For each partition of your PCollection
the calls to Datastore are going to be single-threaded, hence incur a lot of latency. I would expect this to be slow in the DirectPipelineRunner
and InProcessPipelineRunner
as well. With autoscaling and dynamic work rebalancing, you should see parallelism when running on the Dataflow service unless something about the structure of your causes us to optimize it poorly, so you can try increasing --maxNumWorkers
. But you still won't benefit from bulk operations.
It is probably better to express this join within your pipeline, using DatastoreIO.readFrom(...)
followed by a CoGroupByKey
transform.

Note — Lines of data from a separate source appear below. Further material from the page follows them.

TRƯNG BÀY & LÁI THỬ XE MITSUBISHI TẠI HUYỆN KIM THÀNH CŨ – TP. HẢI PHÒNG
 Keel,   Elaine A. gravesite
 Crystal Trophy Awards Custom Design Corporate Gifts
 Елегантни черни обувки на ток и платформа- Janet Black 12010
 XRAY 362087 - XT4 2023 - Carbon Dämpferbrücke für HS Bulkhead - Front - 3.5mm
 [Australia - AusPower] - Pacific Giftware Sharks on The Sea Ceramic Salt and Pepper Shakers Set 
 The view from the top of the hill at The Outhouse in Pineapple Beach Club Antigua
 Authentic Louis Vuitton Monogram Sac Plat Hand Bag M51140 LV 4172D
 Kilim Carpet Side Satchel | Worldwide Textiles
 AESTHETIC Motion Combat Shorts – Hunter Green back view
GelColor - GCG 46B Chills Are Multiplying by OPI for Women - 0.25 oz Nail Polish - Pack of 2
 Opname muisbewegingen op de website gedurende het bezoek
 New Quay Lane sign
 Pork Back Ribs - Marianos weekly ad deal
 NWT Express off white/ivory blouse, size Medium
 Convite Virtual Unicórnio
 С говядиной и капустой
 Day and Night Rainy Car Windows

In this way, Dataflow will do a bulk parallel read of all the enhancements and use the efficient GroupByKey
machinery to line them up with the events.
// Here are the two collections you want to join
PCollection<CustomClass> events = ...;
PCollection<Entity> articles = DatastoreIO.readFrom(...);
// Key them both by the common id
PCollection<KV<Long, CustomClass>> keyedEvents =
events.apply(WithKeys.of(event -> event.getArticleId()))
PCollection<KV<Long, Entity>> =
articles.apply(WithKeys.of(article -> article.getKey().getId())
// Set up the join by giving tags to each collection
TupleTag<CustomClass> eventTag = new TupleTag<CustomClass>() {};
TupleTag<Entity> articleTag = new TupleTag<Entity>() {};
KeyedPCollectionTuple<Long> coGbkInput =
KeyedPCollectionTuple
.of(eventTag, keyedEvents)
.and(articleTag, keyedArticles);
PCollection<CustomClass> enhancedEvents = coGbkInput
.apply(CoGroupByKey.create())
.apply(MapElements.via(CoGbkResult joinResult -> {
for (CustomClass event : joinResult.getAll(eventTag)) {
String articleName;
try {
articleName = joinResult.getOnly(articleTag).getString("articleName");
} catch(Exception e) {
articleName = "";
}
CustomClass enhanced = new CustomClass(event);
enhanced.setArticleName(articleName);
return enhanced;
}
});
Another possibility, if there are very few enough articles to store the lookup in memory, is to use DatastoreIO.readFrom(...)
and then read them all as a map side input via View.asMap()
and look them up in a local table.
// Here are the two collections you want to join
PCollection<CustomClass> events = ...;
PCollection<Entity> articles = DatastoreIO.readFrom(...);
// Key the articles and create a map view
PCollectionView<Map<Long, Entity>> = articleView
.apply(WithKeys.of(article -> article.getKey().getId())
.apply(View.asMap());
// Do a lookup join by side input to a ParDo
PCollection<CustomClass> enhanced = events
.apply(ParDo.withSideInputs(articles).of(new DoFn<CustomClass, CustomClass>() {
@Override
public void processElement(ProcessContext c) {
Map<Long, Entity> articleLookup = c.sideInput(articleView);
String articleName;
try {
articleName =
articleLookup.get(event.getArticleId()).getString("articleName");
} catch(Exception e) {
articleName = "";
}
CustomClass enhanced = new CustomClass(event);
enhanced.setArticleName(articleName);
return enhanced;
}
});
Depending on your data, either of these may be a better choice.